(DATA SUPPLIED begins)

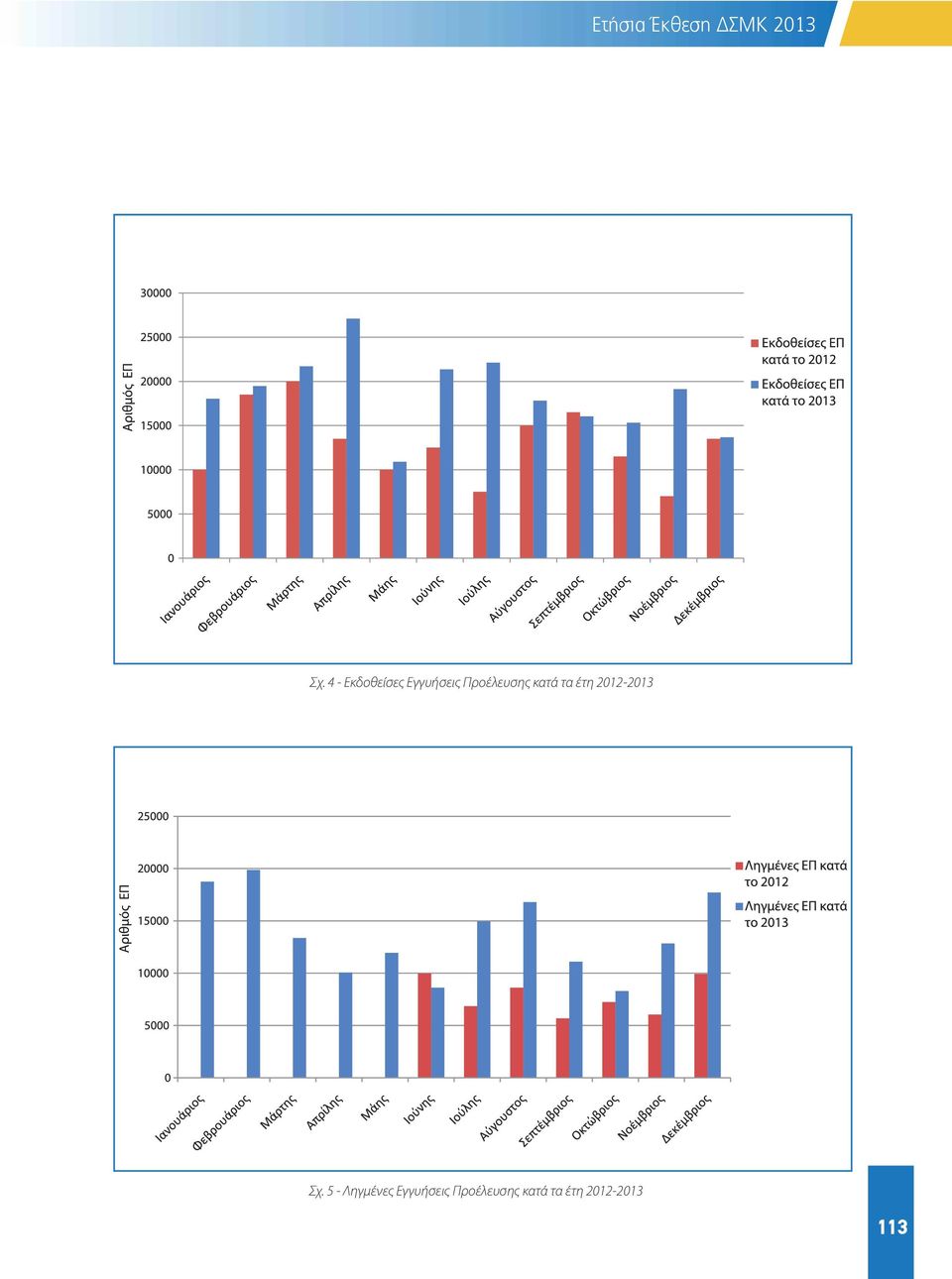 κατά τα έτη 2012-2013 Σχ.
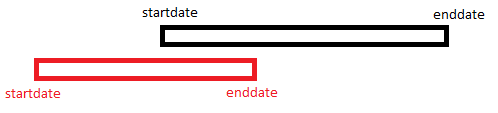 overlapping time period sample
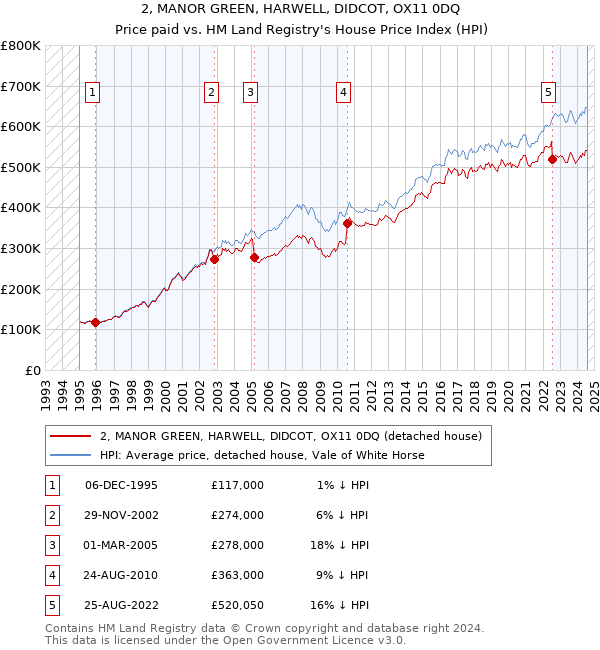 2, MANOR GREEN, HARWELL, DIDCOT, OX11 0DQ: Price paid vs HM Land Registry's House Price Index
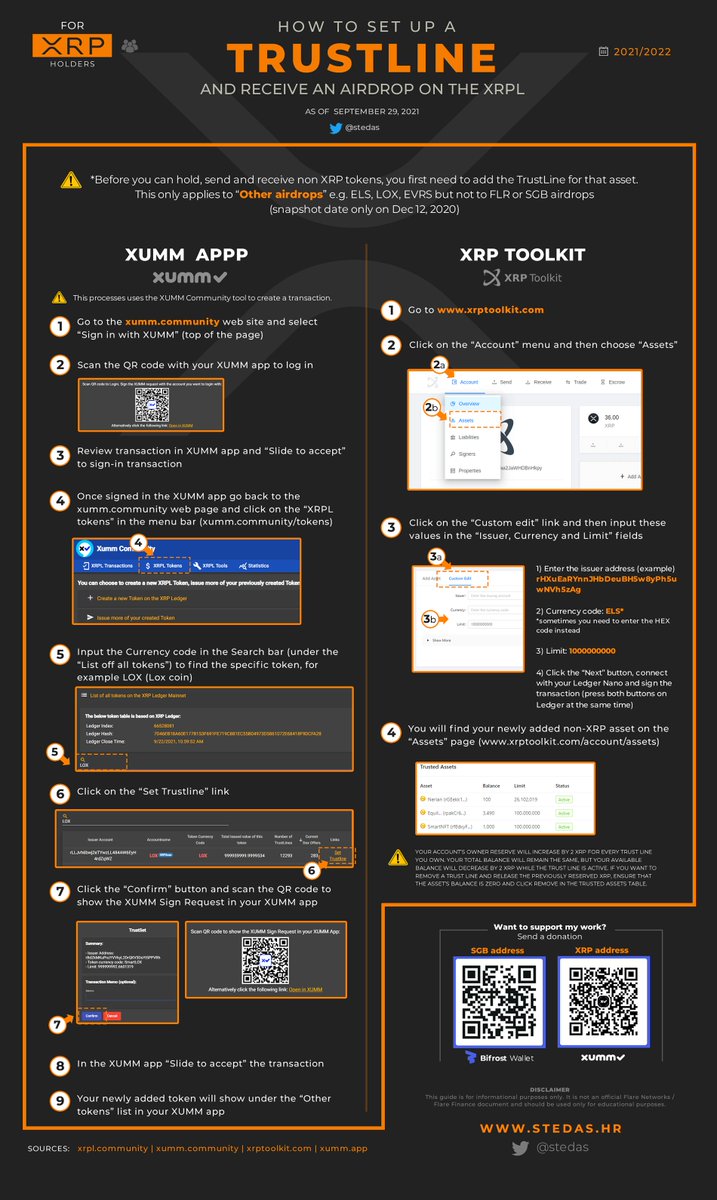 - For the first two airdrops (XRP, SGB), you needed to hold your XRP on a snapshot date on Dec 12, 2020

- For ExFi you need to hold SGB/WSGB on Dec 12th

- For Solo you need to hold SOLO/XRP on Dec 24th

For some ADs you need to set up the trustline (<a href="/XummWallet/">Xaman Wallet (formerly Xumm)</a> or <a href="/xrptoolkit/">XRP Toolkit</a>)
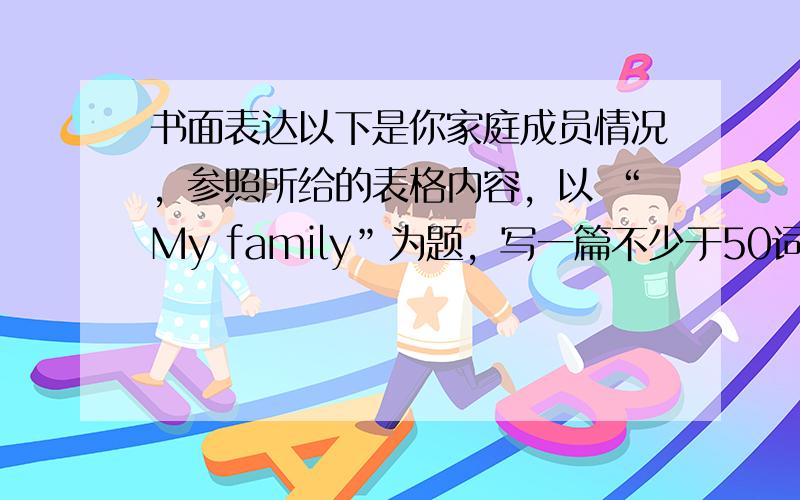 书面表达以下是你家庭成员情况，参照所给的表格内容，以 “My family”为题，写一篇不少于50词的英语短文。 人 年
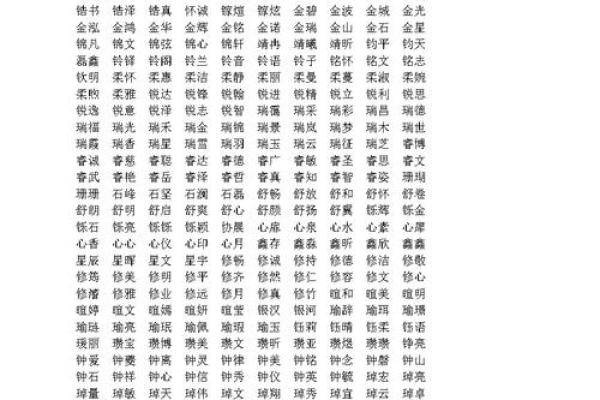 属虎女与另一半的命理搭配：如何选择最合适的姓氏？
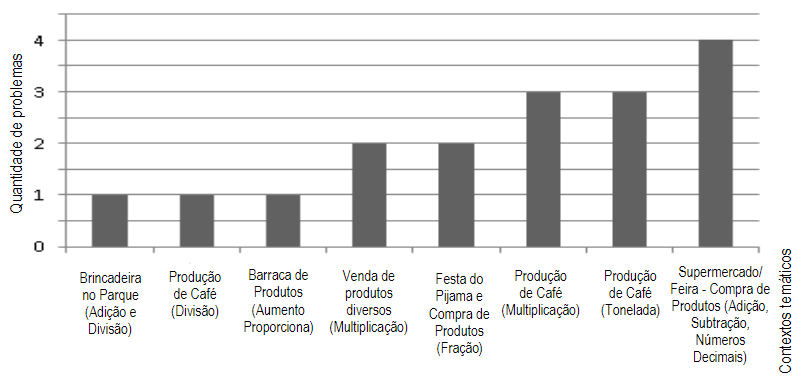 Representação gráfico-quantitativa dos problemas elaborados pelos estudantes
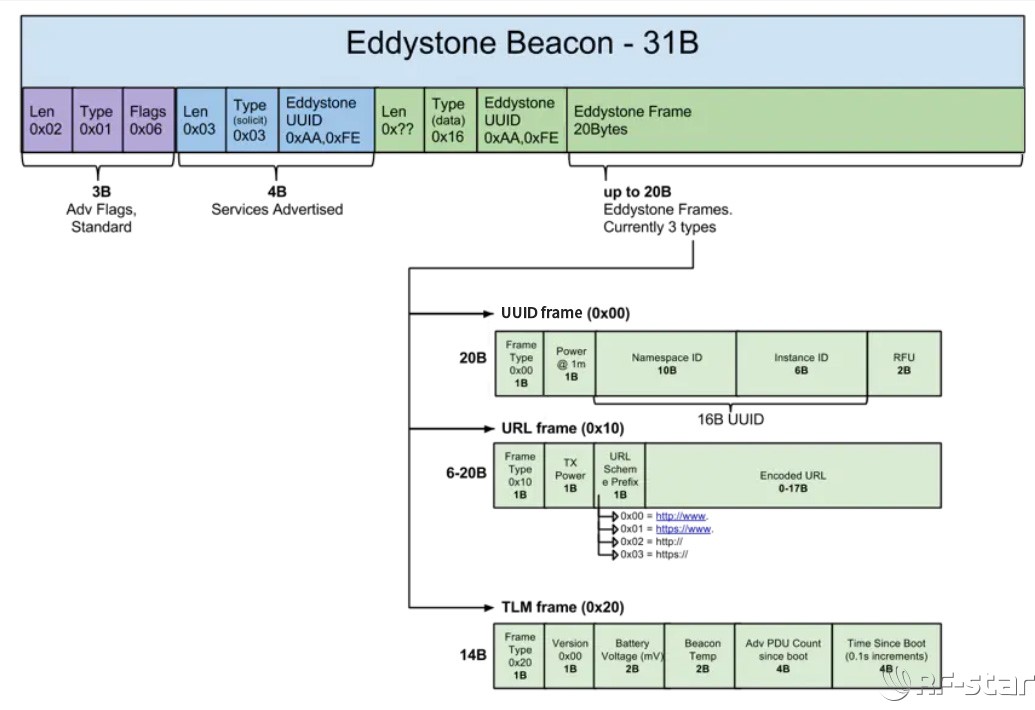 蓝牙音响知识大全及解释,蓝牙音乐知识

(DATA SUPPLIED ends)

▶ _DIRECTIONS FOR THIS TASK_
Nothing but the lines from the one containing "- For ExFi you" through the last line of the records should appear in the copy, exactly as written and without pictures.

▶ _ANSWER SECTION_
- For ExFi you need to hold SGB/WSGB on Dec 12th

- For Solo you need to hold SOLO/XRP on Dec 24th

For some ADs you need to set up the trustline (<a href="/XummWallet/">Xaman Wallet (formerly Xumm)</a> or <a href="/xrptoolkit/">XRP Toolkit</a>)
 书面表达以下是你家庭成员情况，参照所给的表格内容，以 “My family”为题，写一篇不少于50词的英语短文。 人 年
 属虎女与另一半的命理搭配：如何选择最合适的姓氏？
 Representação gráfico-quantitativa dos problemas elaborados pelos estudantes
 蓝牙音响知识大全及解释,蓝牙音乐知识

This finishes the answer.